The COMP appears to have had what's referred to as a "running correction" in EW terminology. Instead of pulling back as the DOW did, the techs corrected in an upward sloping correction. These are relatively uncommon but not in a market that's not allowed to pull back. If this interpretation of the pattern over the past week is correct then it's set up like the SPX chart I showed above and we should see another push to new highs. The top of its up-channel is near 2500 and that makes for a great place to lie in ambush with your short play. One warning on this index is that the chopping higher over the past week could be a heads up that this one is very close to finishing its rally. This interpretation suggests a minor new high on Monday could finish it off and top out perhaps earlier than the big caps. This might be a result of money rotating into the safety of the big caps. Small caps and techs might suffer a little earlier.

NYSE Composite index, Daily chart

Looking at the big index in an effort to gauge the broader market shows me the same potential as the others--a small pop higher could have it tagging resistance at the nice round number of 9000. In its EW count, with an extended 5th wave in the move up from June, a common Fib projection for that 5th wave is equality with the previous two impulsive waves (1 and 3) which is at 8968. Therefore between 8968 and 9000 I'm looking for a top in NYSE. Thursday's high was 8962 so close enough?
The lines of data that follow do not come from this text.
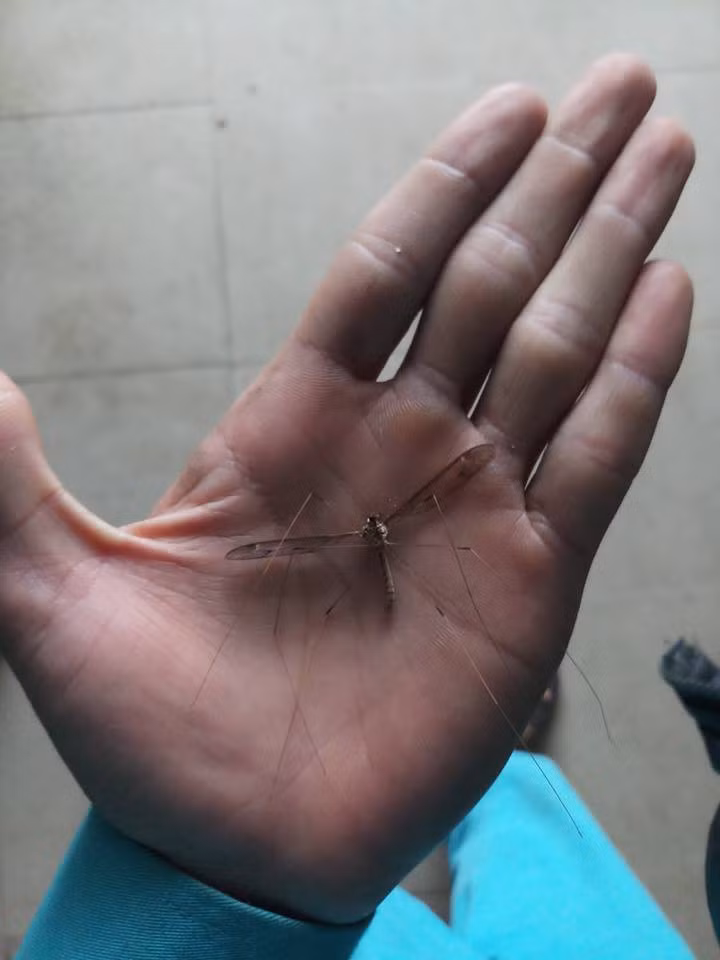 Một con muỗi nước được các bạn trẻ bắt sống và khoe trên mạng xã hội.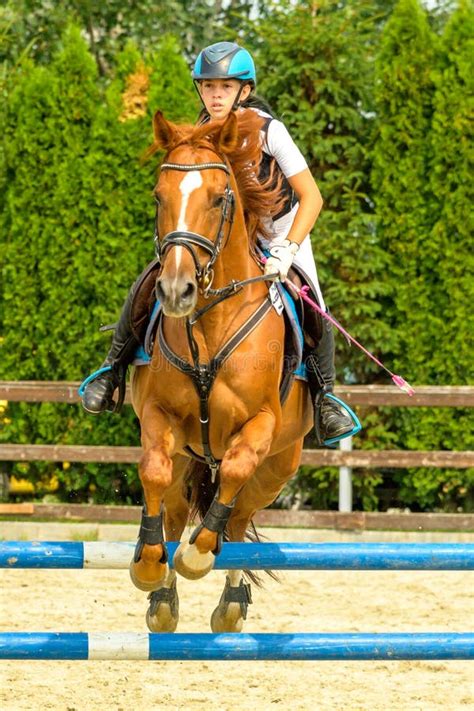 foto de un jinete interactuando con un caballo joven en libertad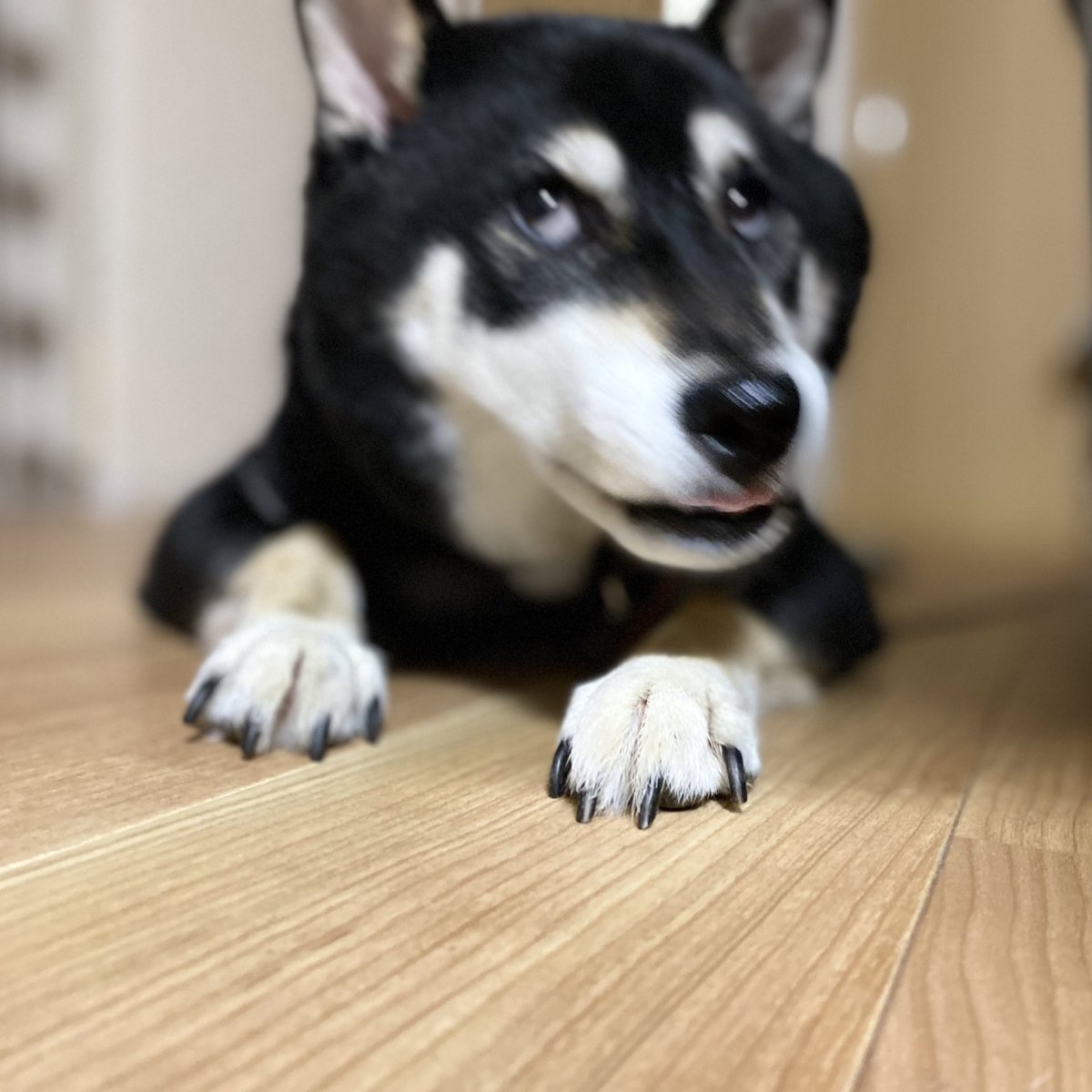 TfRoWraEhVTh9kV's tweet photo. 世界でいちばん大好きだよ〜〜！ https://t.co/iSrXPSKbxD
If Friday's low is taken out right away on Monday and it drops below 8872, the November 7th high, then I'd say we've seen the top already.

SOX semiconductor index, Daily chart

The SOX continues to look somewhat bullish here. It managed to break above trend line resistance and is now consolidating under its 62% retracement resistance. A break higher could carry some. There is a lot of air above it for a run up to 530. Obviously it would need the help of a bullish climate and the broader market rallying and therein lies the problem in my opinion. I can see the possibility for a minor new high in this one as part of its choppy climb higher over the past week. Any drop back below 480 would be bearish.

BIX banking index, Daily chart

I've been saying the banks are one of our canaries in the coal mine. For those who aren't aware, canaries were used as gauges of proper oxygen and other gas levels in the air down in the mines (they now have "electronic canaries"). If the canary dropped off its perch the miners knew to get out of there. Well this bank canary is swirling around the drain. Lately any breaks below the 50-dma have been one-day affairs and then a quick recovery. With a closure below the 50-dma on Friday the banks will need to do the same here on Monday. But the fact that the banks have not been participating in the latest rally should be a concern to bulls.

U.S. Home Construction Index chart, DJUSHB, Daily

The housing index is close now--just a little more push up to tag the top of its bear flag pattern and the top of a parallel down-channel for price action since the fall of 2005. The 200-dma slightly below the cross of those trend lines might hold this down and certainly the combination of these should serve as tough resistance, especially now with daily oscillators into overbought. The 720-730 area is the zone to watch for a reversal. This should be the setup for the next leg down to new lows thereby refuting all those who believe housing will have a soft landing, including some of our Federal Reserve Governors and our ex-Fed head Greenspan.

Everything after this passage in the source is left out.